On the other hand, I did get to use my father as a guinea pig for my tour guide skills, and I got to revisit some parts of Tokyo that are OK to see once on your own, but you wouldn’t go to a second time by yourself.

We started by getting from his hotel, the Sakura Hotel near Jimbocho, to Tokyo station and buying him a suica.  This is a little card that I’ve mentioned before, it’s essential to travel around Tokyo even if you happen to have a JR pass because it works on all the lines the JR pass doesn’t work on, like the subway and the Yurikamome monorail.

After this, we took the Yamanote around to Ueno and the Ginza Line subway to Asakusa, where we surfaced for Senso-ji.  It was, as usual, full of throngs of people, but more throngy than usual because it seemed as though at least two schools had sent their students there for a day of being cultural, which is to say that the boys were hanging out in groups trying to culturally outmacho each other and the girls were hanging out at the fortune-seller buying fortunes and giggling in highly cultural fashion.

The next generation of Japan rests in their hands.  It’ll work out, somehow, it always does.

But, on with the main account:  We hung out at Senso-ji while he got some photos in, then had lunch at a cheap lunch counter where I showed him how to work the ticket machine to order food.  I now know that he won’t be starving during his trip, and that he has the means to get around Tokyo, so I feel pretty good about those things.

From there, we took a water bus to Hinode Pier.  We didn’t take the Himiko, which turned out to be for the best – the Himiko is closed to the elements, so it’s hard to get any photographs while you’re on board, and it doesn’t have an English running commmentary as you go down the river, so it’s not terribly gaijin-friendly.

The regular water bus lets you get up on deck and look around, and it was a perfect day for it.  My father’s camera battery died not long into the voyage, but since we have very similar cameras and I’ve already taken the trip once on my own, I swapped him my own, fully charged battery for the rest of the trip.

Afterwards, we retreated to my hotel where we put a partial charge on his battery and recuperated a bit – I tend to walk fast in Tokyo and he has a bad knee, so I’m a bit wearing to follow around.

Afterwards, well, we’d done Asakusa, of course we needed to do Tokyo Tower.

To get to Tokyo Tower, you go past Zojoji Temple, which is normally quite stunning.  Right now – not so much.

Tokyo Tower, well, you go up, you look around, it’s very high and the elevators are quite crowded.  If they actually do tear it down in a few years, there will be quite a few elevator girls and professional “point you in the direction of the elevator” workers put out of work.
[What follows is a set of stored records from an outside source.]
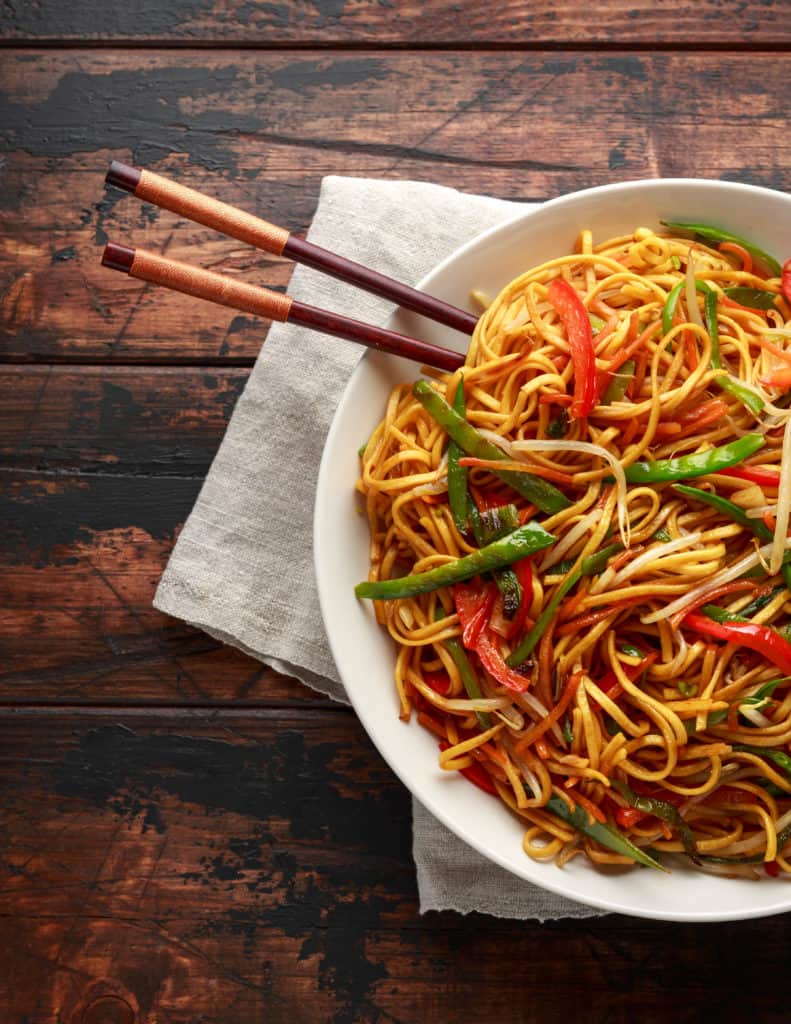 foods that start with c - Chow mein, noodles and vegetables dish with wooden chopsticks 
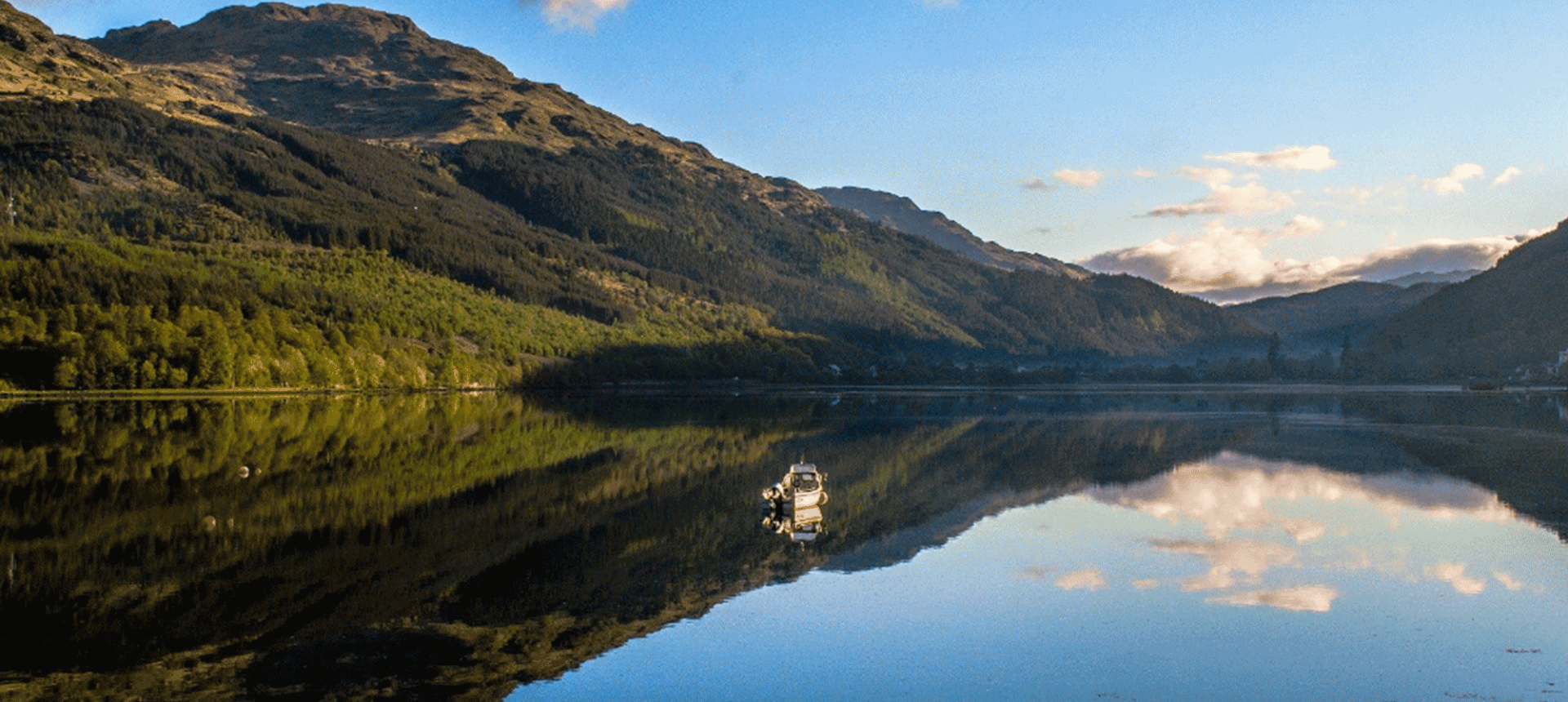 a boat out on a large body of water with massive mountains in the back ground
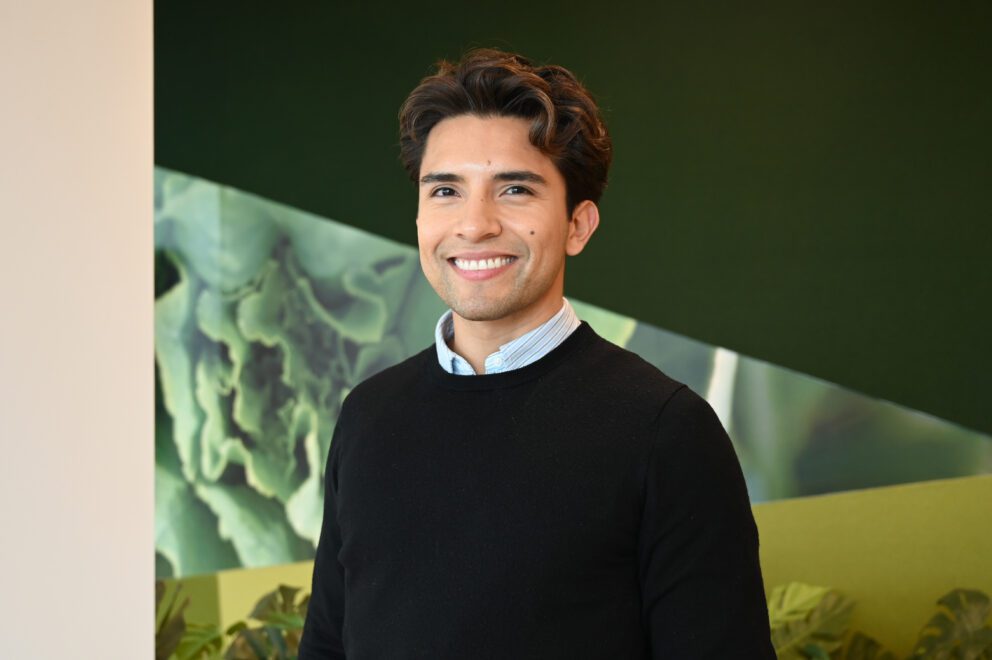 Adult male with styled hair and a black sweater, smiling at the camera Infront of a green, textured wall.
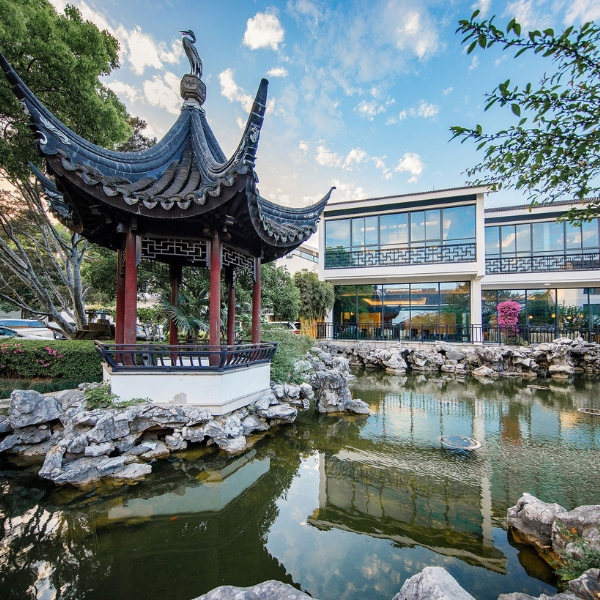 a building with a pond and a gazebo
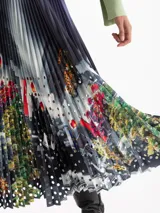 Pollera midi plisada con estampa digital artística y detalles de círculos calados. Presenta una cintura con elástico negro a la vista.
We made a few more stops before things went wrong.  We took the monorail around Odaiba so he could gawk at some of the more funky architecture out that way and the still-vacant lots on what has to be the most expensive real estate on earth, Akihabara so he could get a new camera battery and a larger memory card… all was going well until we got to Shibuya.

We did the requisite photo-with-Hachiko and took him through the Shibuya Crossing – these are accepted touristy things – ate, and then, well, I decided he needed to see Tokyu Hands.

There are a few minor flaws I will admit in myself.  One of them is an unwavering faith in an internal compass which has proven to be quite inaccurate at times.  Another is the tendency to assume that streets will always be laid out in a nice grid and there will always be a way to turn in the direction you want.  The third is a complete unwillingness to turn around and retrace my steps to get back to a known starting point.

When we started off for Tokyu Hands, I made the joke that, the last time I’d gone walking at night in Shibuya, I’d ended up in Harajuku, and wasn’t that funny?

Half an hour later, when we got to Harajuku station, it was a little less funny.

At least, on the way, we went past this business.  I’m not sure what they REALLY do, but I hope it’s not what they have on the sign.